Nous pouvons laisser les questions militaires et politiques aux
experts, mais nous devons être clairs quant aux questions morales soulevées par
cette guerre. Considérons quelques-unes des questions les plus communément
posées.
Q : Comment Israël peut-il justifier de tuer des civils si leur
intention est seulement d’écraser le Hamas ?
R : La mort des innocents est
une tragique fatalité de la guerre. Notre cœur est avec tous ceux qui sont pris
entre deux feux. La triste réalité est que le peuple palestinien est tenu en
otage par le Hamas. De même qu’il est clair que le Hamas est moralement
responsable de tout ce qui arrive à Guila Shalit, l’otage israélien qu’ils
détiennent, il est également responsable du sort des innocents palestiniens
parmi lesquels ils se cachent pour lancer leurs roquettes. Un civil qui est tué
alors qu’il était utilisé comme bouclier humain par un terroriste est une
victime du terroriste, pas de l’armée israélienne, qui ne vise pas de civils
innocents.
Q : La réponse d’Israël n’est-elle pas quelque peu
disproportionnée ?
R : Si l’objet d’Israël était de se venger, alors
peut-être la question de « proportion » pourrait s’appliquer ici. Mais Israël
mène une guerre de défense. Quand vous êtes en guerre, vous ne mesurez pas votre
réponse à l’ennemi par rapport à ce qu’il vous a fait par le passé, mais en
fonction de ce qui doit être fait pour l’empêcher de vous attaquer. Israël doit
détruire la capacité du Hamas à lancer des missiles sur les villes israéliennes.

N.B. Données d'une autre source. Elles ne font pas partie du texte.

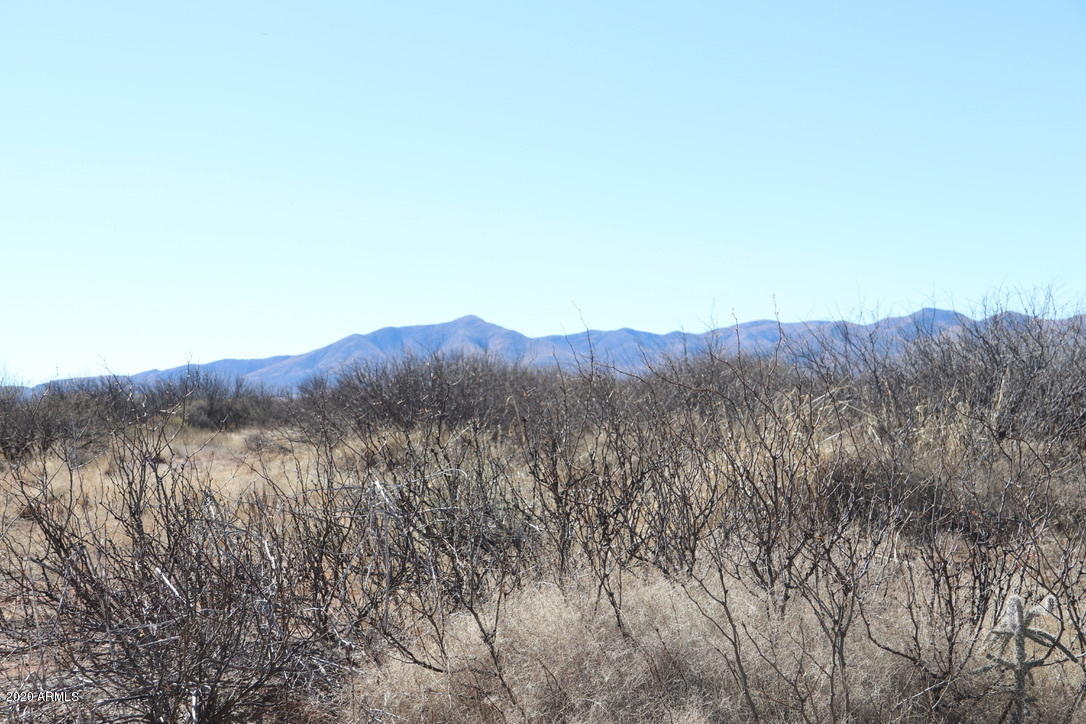 4887 West Prince Road, Unit 2H McNeal, AZ 85617 - Photo 6 of 9 view of land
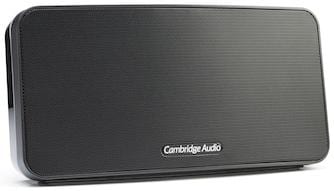 Cambridge Audio Go V2 zwart - Bluetooth speaker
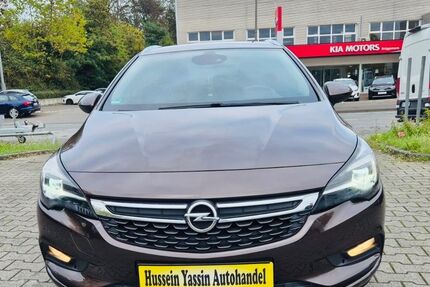 Opel Astra 132.000 km 7.499 € Dortmund 44147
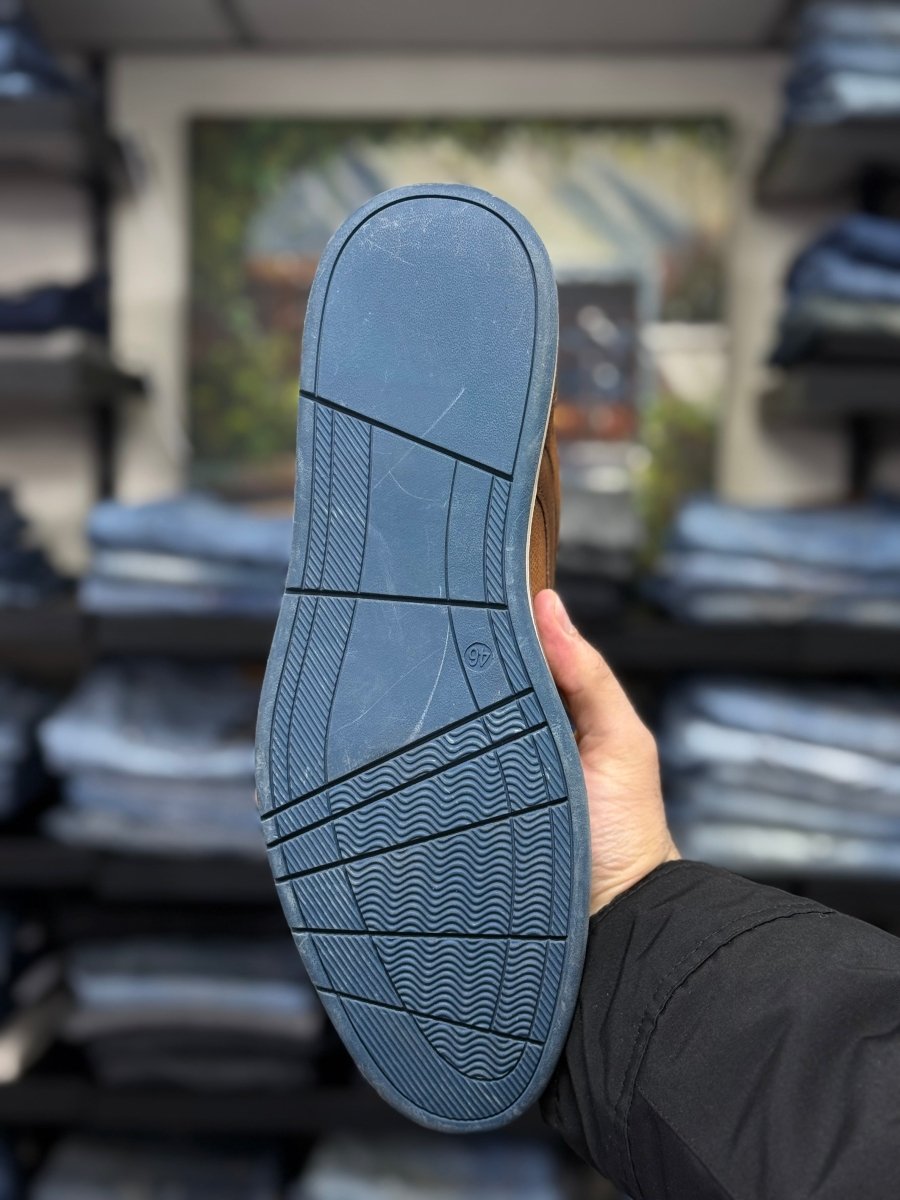 &DENIM 45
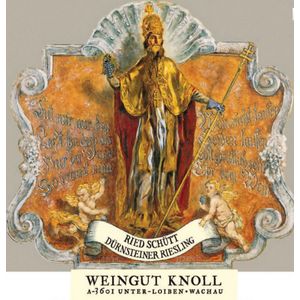2023 Weingut Knoll, Durnsteiner Ried Schutt Riesling Smaragd, Wachau 6x75cl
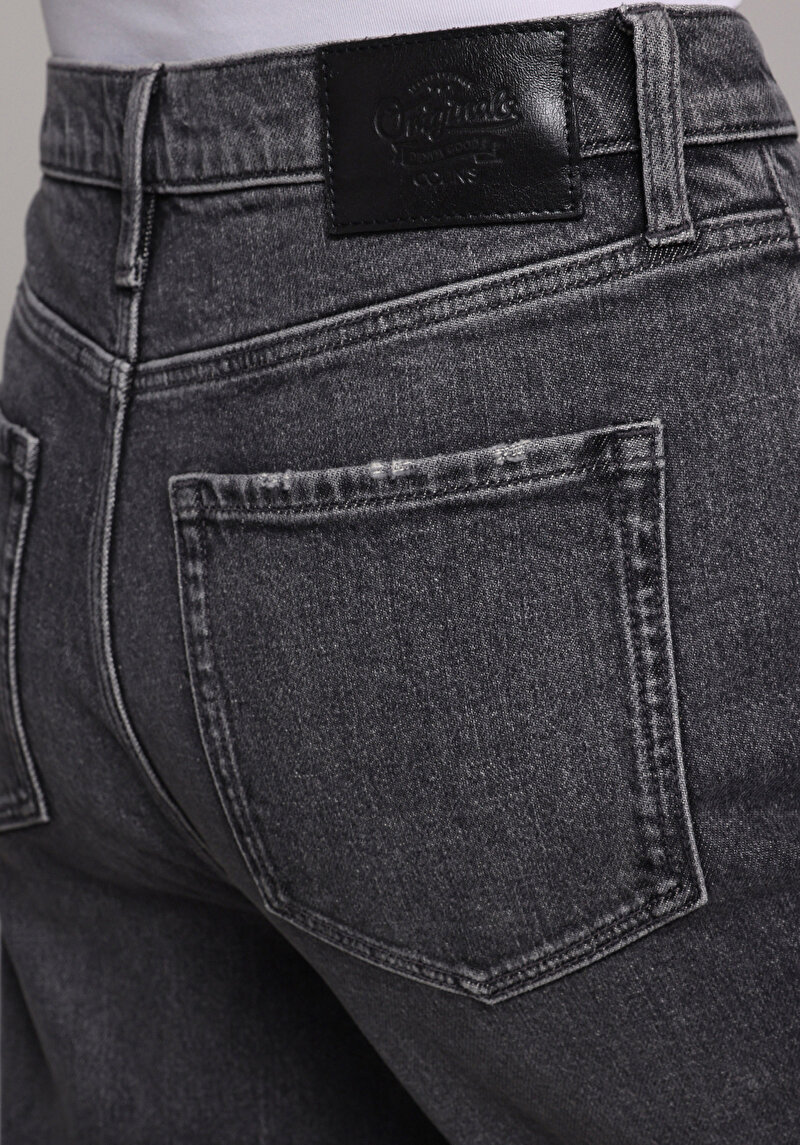 Показати інформацію про 896  Maria Джинси Жіночі Чорні  Cl1078234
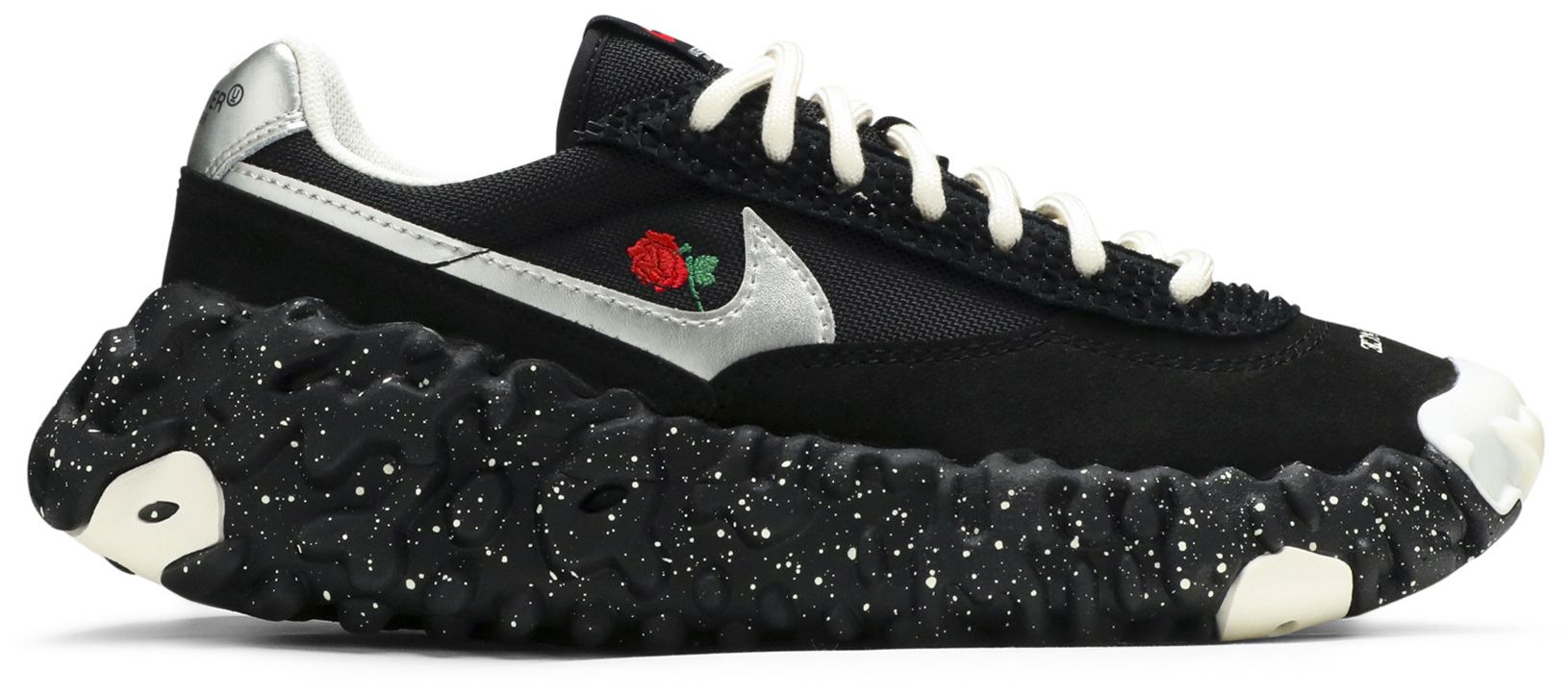 overbreak x undercover resell price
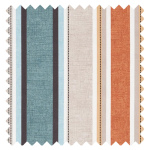 Luella Teal Swatch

Les actions d’Israël sont proportionnées aux menaces présentes et futures, non
aux dommages causés par le passé.
(Et j’ajoute : Si Israël devait répondre
d’une façon “proportionnée”, il faudrait alors acheter des obus artisanaux sur
une brocante et en envoyer 10.000 sur Gaza, car c’est le nombre d’obus qui ont
été tirés contre Sdérot pendant ces sept dernières années à partir de
Gaza...)
Q : Israël ne comprend-il pas qu’ils sont en train de fabriquer
plus de terroristes ? La colère et la fureur contre Israël déclenchées par
l’opération contre Gaza auront pour effet que plus de gens voudront rejoindre
les rangs du Hamas.
R: Les sentiments de frustration, de colère, de peur et
de rage ne font pas de vous un terroriste. Une culture de la mort et une
éducation à la haine le font. Israël n’a pas besoin faire quoi que ce soit pour
créer des terroristes – l’islamisme extrémiste s’en charge. Cependant, Israël
doit agir pour neutraliser ceux qui menacent ses habitants.
(Et j’ajoute ce
que j’ai lu sur “Le Soir” en ligne hier : “il n’y a pas de montée de
l’antisémitisme dans la communauté musulmane de Belgique, il a toujours été
là...”)
Q : Il est vrai que le Hamas a une branche militaire, mais il fait
aussi beaucoup de bien. Ils ont des programmes sociaux, des projets éducatifs et
accomplissent un travail humanitaire à Gaza. En détruisant le Hamas, Israël
détruit aussi le bien qu’il fait. N’est-on pas en train de diaboliser un groupe
qui n’est pas totalement mauvais ?
R : S’il se trouve qu’un tueur en série
est aussi sapeur pompier volontaire, qu’il a donné beaucoup d’argent à un
orphelinat et qu’il veille sur sa grand-mère malade, il n’en reste pas moins un
tueur en série, et lui et la menace qu’il représente doivent être traités comme
tels. Le danger qu’il constitue l’emporte largement sur le souci du bien qu’il
peut accomplir.
Q : En usant de violence, en quoi Israël est-il meilleur
que ses ennemis terroristes ?
R : Ceci est aussi ridicule que de dire qu’une
femme qui se défend contre un violeur n’est pas meilleure que le violeur. Israël
ne toucherait pas au Hamas si le Hamas arrêtait de lancer des missiles et des
terroristes kamikazes en Israël. Israël cherche à vivre en paix avec ses
voisins. Le Hamas et ses alliés cherchent à détruire Israël, quoi qu’Israël
puisse faire.
Il y a un monde de différence entre les terroristes du
Hamas et les soldats israéliens. Le terroriste du Hamas fait de la violence son
mode de vie. Son but est de semer la mort et la guerre. Pour le soldat
israélien, la guerre est une nécessité, et un devoir moral, parce que les
citoyens israéliens sont attaqués et que des vies innocentes sont menacées. Le
terroriste du Hamas cherche à faire un maximum de victimes civiles. Le soldat
israélien cherche à faire tout ce qui est en son pouvoir pour en faire le moins
possible.
Le terroriste du Hamas craint les périodes de paix, parce
qu’alors il n’a pas de raison d’être. Le soldat israélien rêve d’un temps ou la
paix régnera. Alors, l’Armée de Défense d’Israël sera heureusement superflue,
car “une nation ne lèvera plus l’épée contre une autre nation, et on
n’apprendra plus l’art de la guerre”.